Ondrej
Ondrej

Reputation: 414

Python foolproof min/max function with None

I'm trying to design a custom min/max function that will always filter out every None from the inputs and if there is nothing else than None, it will also return None. I have found several answers that were partial to my question on how to create an ideal function that can handle absolutely anything. Same as the original min/max functions.

This is what I have created so far:

def min_null(q, *args):
    if isinstance(q, Iterable):
        return min(filter(lambda x: x is not None, q)) if any(q) else None
    else:
        return min_null([q, *args])

can you see any way this could fail? Or how it could be improved?

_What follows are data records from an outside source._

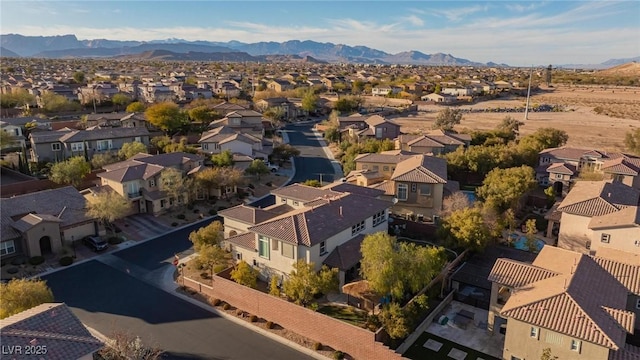 drone / aerial view with a residential view and a mountain view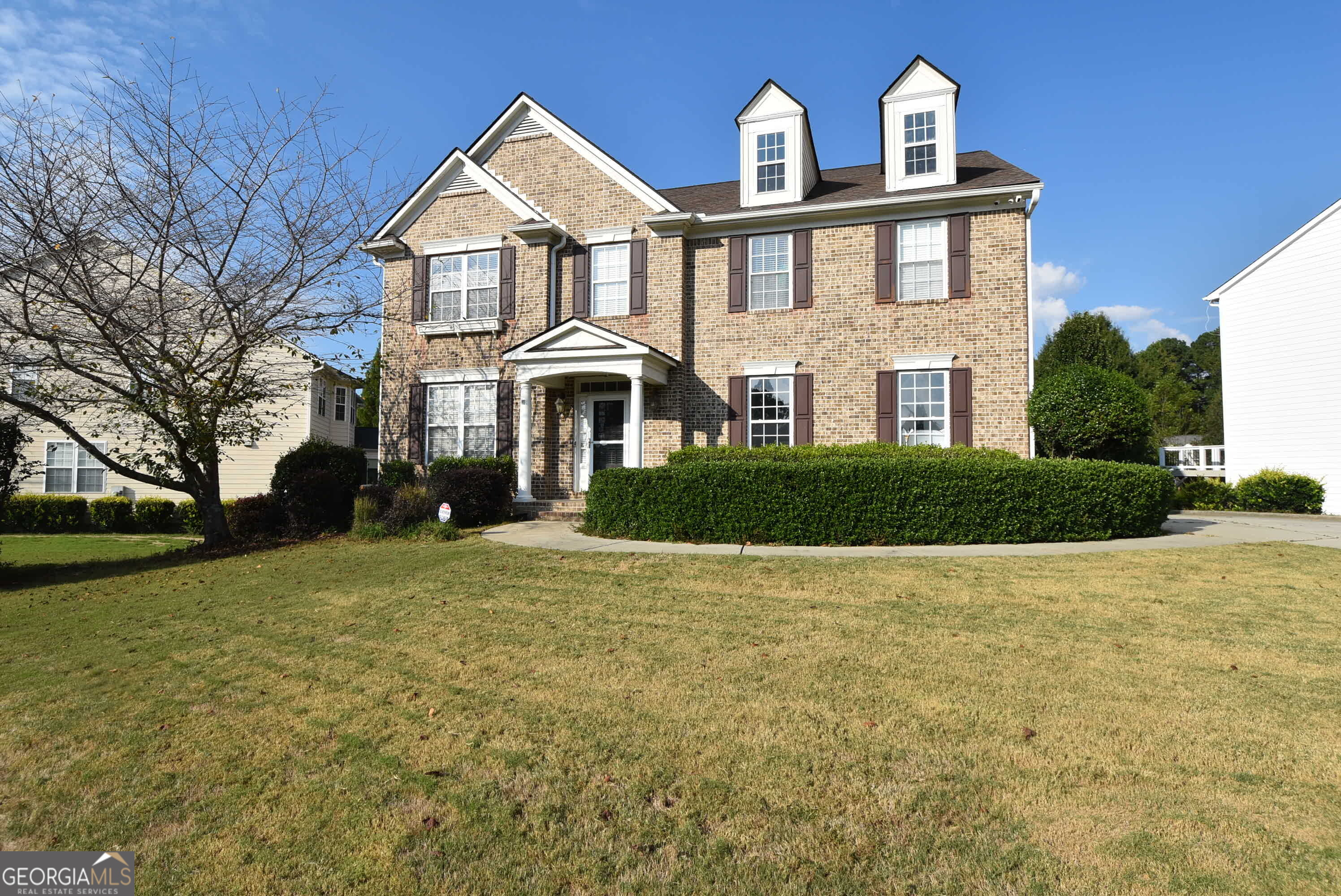 a front view of a house with garden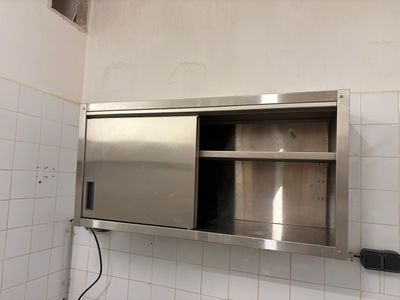 une armoire en acier inoxydable dans une salle de bains carrelée de blanc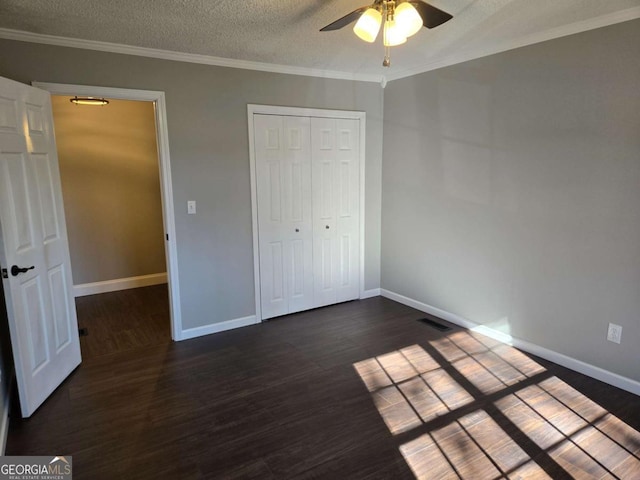 unfurnished bedroom with a closet, ornamental molding, dark hardwood / wood-style flooring, and a textured ceiling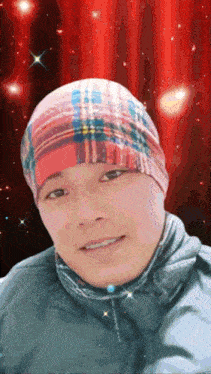 a man wearing a plaid beanie is smiling in front of a red curtain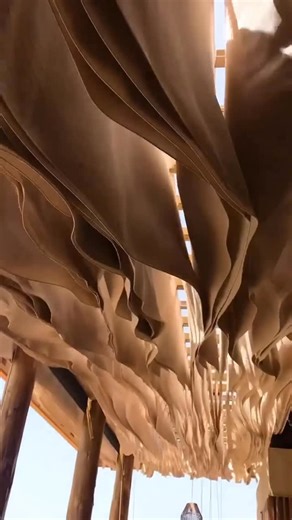 Parametric Architecture on Instagram: "📍Designed by Athens-based practice @k_studio_gr, this kinetic ceiling installation animates the beachside restaurant at Romanos Costa Navarino Resort through movement, lightness, and air. Dozens of suspended fabric banners respond to the coastal breeze, rippling in unison to create a living canopy above the dining space. Hovering over the tables, the inverted field of hanging textiles allows air to circulate while introducing a soft, rhythmic motion that e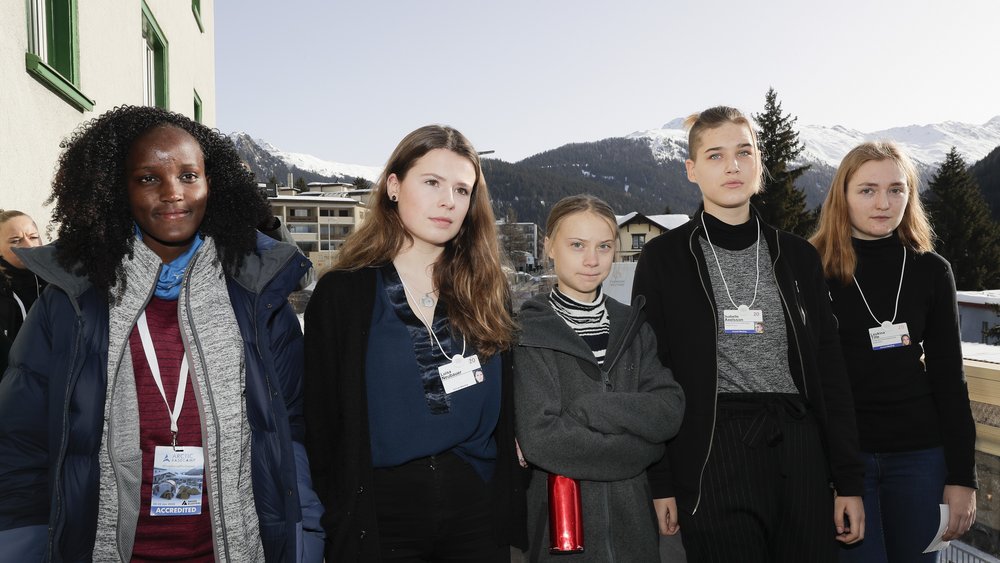 Luisa Neugebauer standing in line with other activists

I will be glad to any feedback :)

Upvotes: 2

Views: 1567

Answers (2)

Terry Spotts
Terry Spotts

Reputation: 4075

Sounds like you can use the min/max function with key= and a custom comparison object that treats None specially:

class Predicate:
    def __init__(self, item):
        self.item = item

    def __lt__(self, other):
        try:
            return self.item < other.item
        except TypeError:
            return False


print(min([0, 1, 2, None, 3, 4], key=Predicate))
print(min([None], key=Predicate))

print(max([0, 1, 2, 3, None, 4, 5], key=Predicate))
print(max([None], key=Predicate))

Output:

0
None
5
None
0

Do you have some more examples or tests around what the expected results should be?

Upvotes: 0

xavc
xavc

Reputation: 1295

Yes, one failure case is min_null([0, 0]), which returns None, rather than what I would expect, which is 0. This could be fixed in a variety of ways, but one would be to take out the filter(lambda x: x is not None, q) into a variable and then check it's length, rather than just checking for any truthy values.